Typically, researchers have turned to the Voronoi model to mimic such repeat surface patterns. In mathematics, A Voronoi diagram partitions planes in a pattern based on the distances between points. Efforts at extending the same idea to surfaces are hampered by the extensive costs of accurate distance measurements, bookkeeping and intersection computations.
In this new work, researchers simplify the creation of natural tessellations on surface meshes by dropping the assumption that regions need to be separated by lines. Instead, they have developed a method that takes into account region boundaries in the pattern as narrow bands, which are not necessarily straight, and model the partition as a set of smooth functions layered over the surface. Their method relies mainly on basic sparse linear algebra kernels, i.e. multiplication and addition, readily available, as they are the cornerstone of modern numerical computing.
"In this way, we provide small, concise, humanly readable and most importantly, platform-independent parallel code," notes Zayer.
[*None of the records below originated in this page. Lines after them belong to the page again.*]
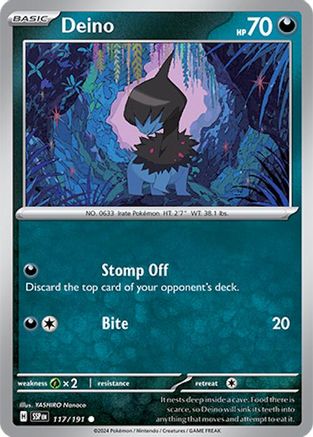 SV08 Surging Sparks 117/191 Deino - Reverse Holofoil - Common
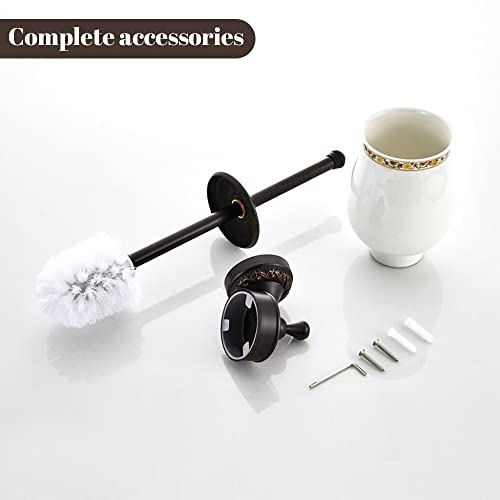 Leyden Bronze Toilet Brush Holder,Oil Rubbed Bronze Toilet Brush Plunge Retro Toilet Bowl Brush Bathroom Accessories Wall Mounted - color: Orb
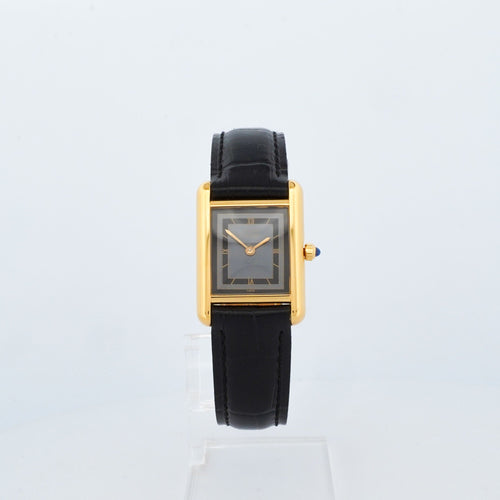 Montre Cartier - Montre Tank Must cadran gris chemin de fer en vermeil 58 Facettes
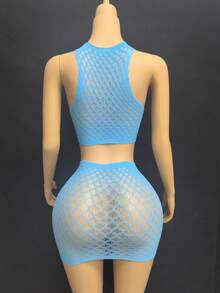 Bộ 2 món gồm áo croptop và chân váy lưới xuyên thấu gợi cảm, độ co giãn tuyệt vời, phù hợp với mọi dáng người, thích hợp mặc hàng ngày, dự tiệc biển, làm đồ lót, trang phục gợi cảm cho nữ. - Màu xanh nhạt - Xem 3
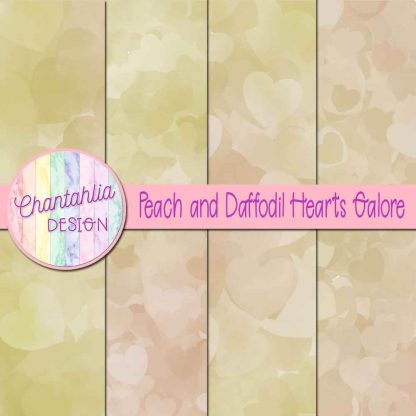 Free peach and daffodil hearts galore digital papers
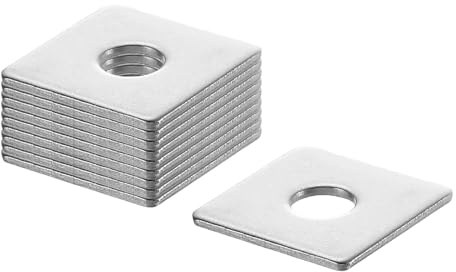 sourcing map 50 rondelle quadrate da 5/8 per bulloni da 3/16, rondelle piatte in acciaio inossidabile 304, guarnizioni distanziali per riparazione di macchinari, costruzione esterna (0,1 cm di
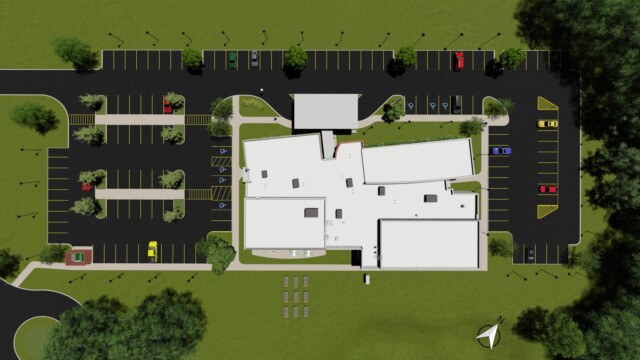 Site plan artist rendering from above with building and parking lot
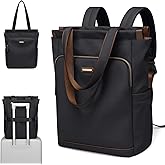 GOLF SUPAGS Convertible Laptop Backpack for Women Casual Daypack Notebook Tote Bag for Work College Travel Leisure (Black)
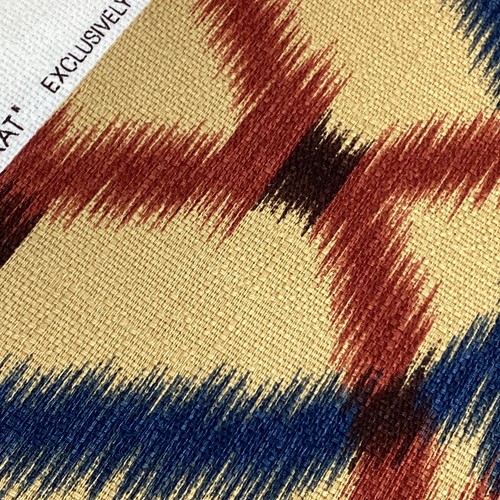 Waverly "Izmir Ikat" Teal Rust Decorator Fabric 56" x 6.5 yd 2 piece 100% Cotton - Picture 6 of 7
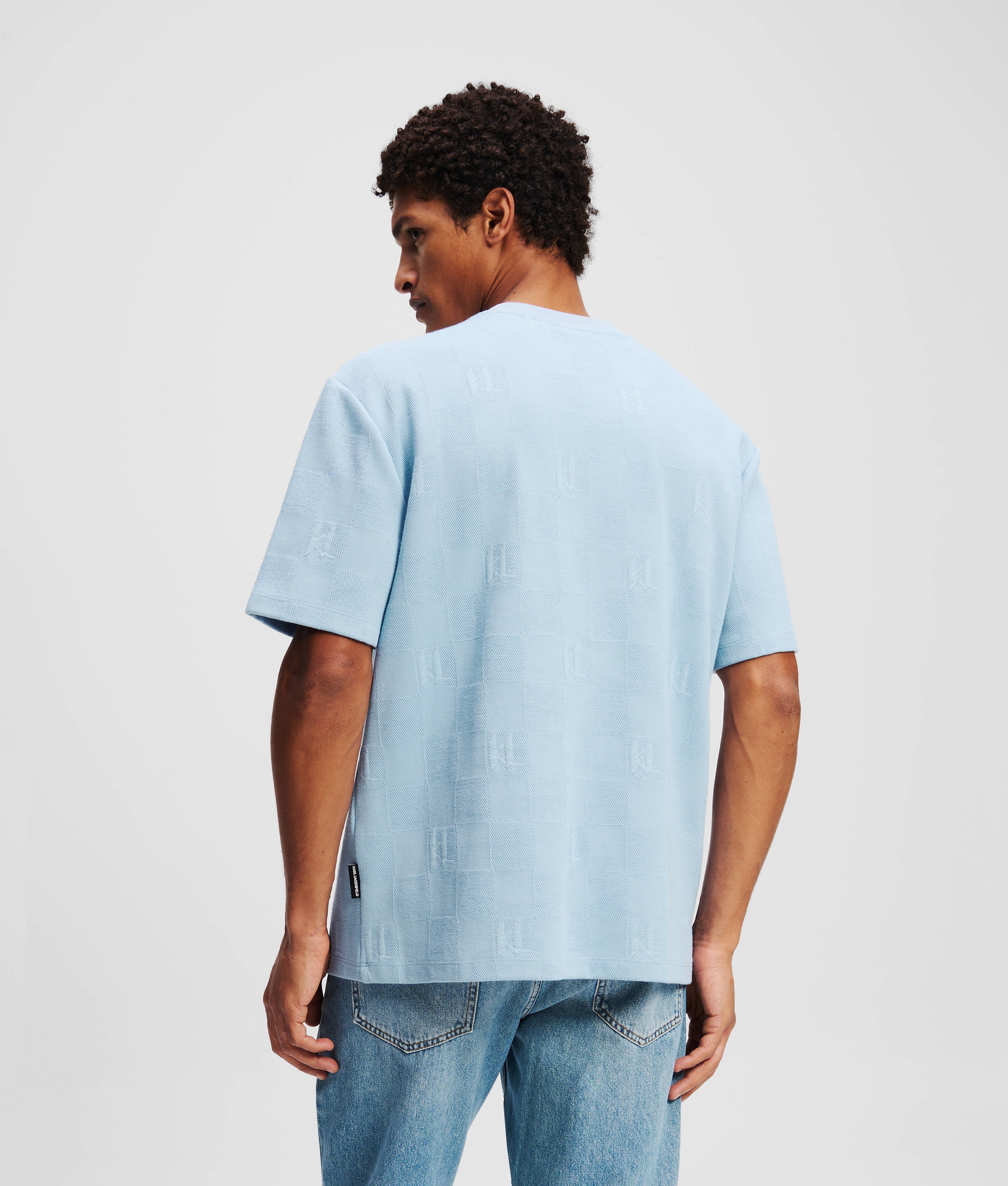 KL MONOGRAM CHECKED T-SHIRT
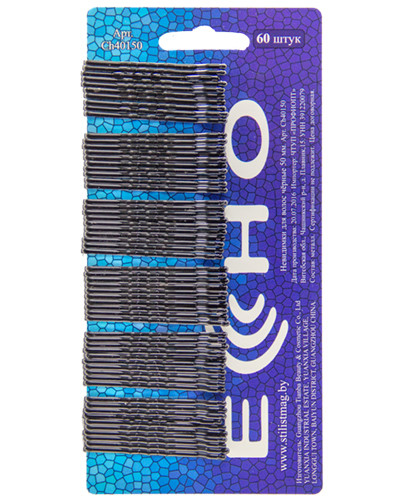 ECHO Невидимки для волос черные CH40150 50 мм (60 шт на планшетке) - фото 1 - id-p189043620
"Observing the progress made in parallelizing existing serial Voronoi diagram codes over the last two decades, the performance gains achieved by our proposed method are very considerable," adds Markus Steinberger, coauthor of the work and an assistant professor at Graz University of Technology in Austria.
Zayer, Steinberger and their collaborators, which include Hans-Peter Seidel at Max Planck Institute for Informatics, and Daniel Mlakar at Graz University of Technology, will present their novel method at SIGGRAPH Asia 2018 in Tokyo 4 December to 7 December. The annual conference features the most respected technical and creative members in the field of computer graphics and interactive techniques, and showcases leading edge research in science, art, gaming and animation, among other sectors.
In their paper, "Layered Fields for Natural Tessellations on Surfaces," the authors successfully demonstrate their new method on several large-scale test cases beyond the capabilities of state-of-the-art. They were able to show that their method is applicable to highly detailed models, such as the 3-D Model of the famed pilot Amelia Earhart's flight suit, encompassing ten million facets. Tessellations on the scan of the highly ornamented historic Pergolesi Side Chair showcase 30 million facets processed fully and efficiently on a single modern graphics-processing unit, aka, GPU. Despite the simplicity of the algorithm, the researchers say their solution proved to be comprehensive with minimal requirements.
In future work, Zayer and team hope to add the function of interactively editing tessellations using their framework. This feature could be aimed at designers and architects new to 3-D printing applications and modeling. The researchers also intend to extend this work to higher dimensions and to the treatment of other metrics.